To lure people into using their cellphones more frequently, all carriers offer promotional night and weekend minutes. The night time has slowly crept from 6PM to 9PM, and the morning from 9AM to 6AM, but the offer is valid... usually for a limited time. AT&T is famous for cutting off promotional night and weekend minutes when a contract expires without telling the customer, which generally leads to one multi-hundred dollar bill per customer.
The upsetting thing is that of course this is all a paper exercise. There is no resource that is allocated at the beginning of the month, no bandwidth that your carrier has to purchase at truly tremendous rates if you use more than your allotted space. They don't have to send a lackey from New York to Boston to buy emergency extra air time from a carrier there. It's just a form of billing, and nobody would put up with it in any other industry.
Landline portability has been a reality for many years here... I know people who have taken their number with them throughout several locations without any sevice degradation. The article cites the %25 turnover rate as a sign of healthy competition, but numbers that high are a sign of very unhappy customers. I don't know anyone who owns a cellular phone and who hasn't been hit with at least one ludicrously high bill... $100 dollar bills are common. And while friendly, support always refuses to do anything about it except bump you up to a more expensive plan for the coming months so that you can hope it doesn't happen again... of course when you move up a plan you automatically make another one-year contract so that you can't join that ticked-off %25 churn without paying the hefty "cancelation" fees to pay for services not rendered.

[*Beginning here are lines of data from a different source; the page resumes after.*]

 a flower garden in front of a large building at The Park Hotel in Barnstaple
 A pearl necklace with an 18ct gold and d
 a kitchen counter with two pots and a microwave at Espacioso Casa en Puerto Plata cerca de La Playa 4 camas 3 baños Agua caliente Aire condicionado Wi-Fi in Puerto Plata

Cellular companies don't want anything that would allow people to leave because they know they treat us badly, plain and simple.
The ______ Agenda
We should add a new DNS record type for international telephone numbers. It'd be reasonably easy to have a DNS gateway over cellphone networks so that phones can resolve the phone number from a name before dialling.
Sure, it would be harder to enter the number the first time on a numeric keypad, but you'd store the name in your phone's memory so that you only have to type it once, and those with phones with QWERTY keyboards would be set!

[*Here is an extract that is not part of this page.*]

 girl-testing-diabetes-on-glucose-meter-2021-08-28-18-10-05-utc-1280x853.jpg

It sure would be nice to be able to dial sales.somecompany.com rather than having to look up their number first. The main benefit, though, is the abstraction -- people can change their numbers and only be out of touch for the time it takes for the DNS record to expire.
The benefit of using a separate record type is that, like with MX records, it could coexist with other record types so that, for example, support.ibm.com could resolve to both an IP address and a telephone number.
I'm sure some company would soon step in with cheap 'catchy' phone hostnames in similar vein to free, throwaway email for those who don't have the know-how, desire or funds to run their own domain.
Why DNS? Because it's already there, and it works well.